In the Long Run, Sky 1 review - bright start for multiracial comedy | reviews, news & interviews
In the Long Run, Sky 1 review - bright start for multiracial comedy
In the Long Run, Sky 1 review - bright start for multiracial comedy
Idris Elba revisits 1980s Hackney with a deft comic touch
It’s quite bold to create a multiracial comedy set in Hackney in the early Eighties, a not especially amusing period of riots, the Falklands War and Thatcherism. Happily, Hackney boy Idris Elba has managed it with a wry eye and a light comic touch.
This Hackney isn’t the lethal drug-saturated combat zone portrayed in Top Boy, but an altogether more genial place where black, white and Asian residents rub along fairly comfortably, and manage to find ways to cope with non-PC attitudes. “We were thicker-skinned back then,” Elba has commented.
Naturally, it’s Elba’s character Walter Easmon who’s at the centre of the action, along with his wife Agnes (Madeline Appiah) and their son Kobna (Sammy Kamara, who starred in Damilola: Our Loved Boy), a sunny character despite his sometimes life-threatening bouts of asthma (one of Elba’s own real-life traits). A recurring device, neatly filling out some detail of the family’s immigrant background, is Walter sitting and either reading letters from or writing to his mother in Sierra Leone. It’s from her latest epistle that he receives news of the impending arrival of his younger brother Valentine, who their mother thinks will benefit from a stint in the metropolis (pictured above, Madeline Appiah and Sammy Kamara).
Sighing tolerantly, Walter acquiesces to the arrival of his ebullient sibling under the roof of his none-too-spacious council flat (the new guest means Kobna gets bumped out of his bedroom). However, while Valentine is prone to using up an indecently large percentage of the available oxygen, food, bathwater and especially alcohol, he brings rumbustious dynamism to the drama. Played with outsized self-confidence by Jimmy Akingbola (perhaps owing just a little to Eddie Murphy’s farcical exchange student from Cameroon in Trading Places), he devours London in enormous chunks. He receives a bit of education about prevailing conditions from Kobna, like the moment where they’re watching the Brixton riots on TV. “Sometimes the police search people’s homes and accidentally kill them,” Kobna explains. “The neighbours get upset and challenge them to a street fight.”

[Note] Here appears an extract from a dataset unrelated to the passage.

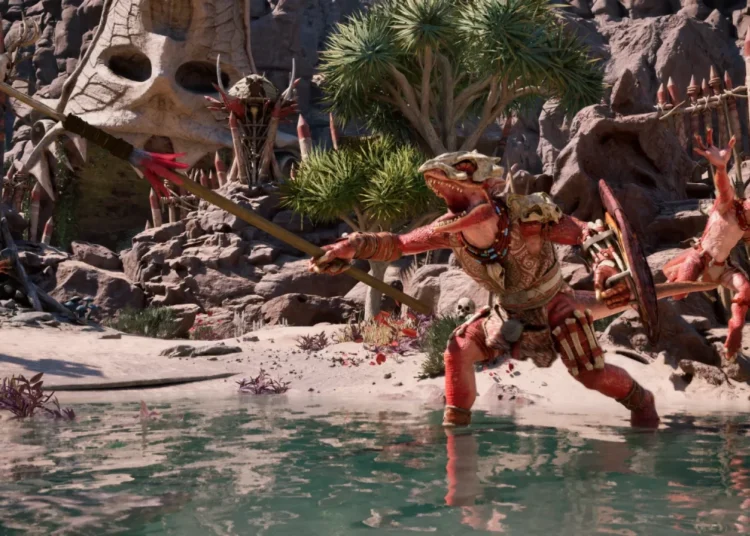 Screenshot of an enemy camp in Avowed in a desert area with multiple monsters. A lizard creature strikes out with a polearm as it roars.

No matter. Within days of arrival Valentine has landed himself a job DJing in a local pub, where he entrances the punters with his life-threatening cocktail the “Naughty Bastard”, and soon finds ad hoc work as an electrician. He enlists Walter’s upstairs neighbour Bagpipes (Bill Bailey, playing a man who looks like he’s got an exhausting quantity of mileage on the clock) to help fit new romantic lighting to the house called “Auntys Garden”. Turns out this is the local brothel, and Mags, the madame, recognises the panic-stricken Bagpipes as an old customer.

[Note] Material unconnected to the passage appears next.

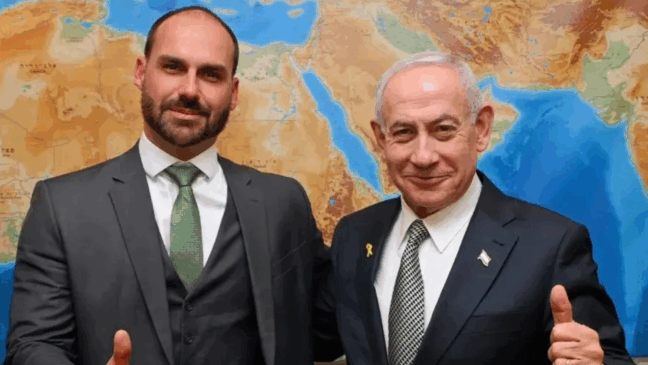 Eduardo Bolsonaro encontra Netanyahu e ataca Lula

The relationship between Bagpipes and his wife Kirsty (Kellie Shirley, pictured left) is going to develop into one of the show’s main structural supports. They’re a textbook example of the unexamined life, and have somehow never managed to have an adult conversation about how, as a white couple, they’ve been bringing up a black daughter, Melissa. “You are Melissa’s daddy, no matter what anybody says,” Walter reassures the hangdog Bagpipes.
The formula devised by Elba in collaboration with writers Claire Downes, Stuart Lane and Ian Jarvis comprises a dollop of comedy, a dash of pathos, some smart observation and a bucket of slapstick. Not to mention a raft of Eighties pop songs on the soundtrack (Dexys, The Clash, The Cure, The Police, Eddy Grant and many more), which add their own atmospheric running commentary. Lob in a sparky and tightly-knit cast, and this may indeed go the distance.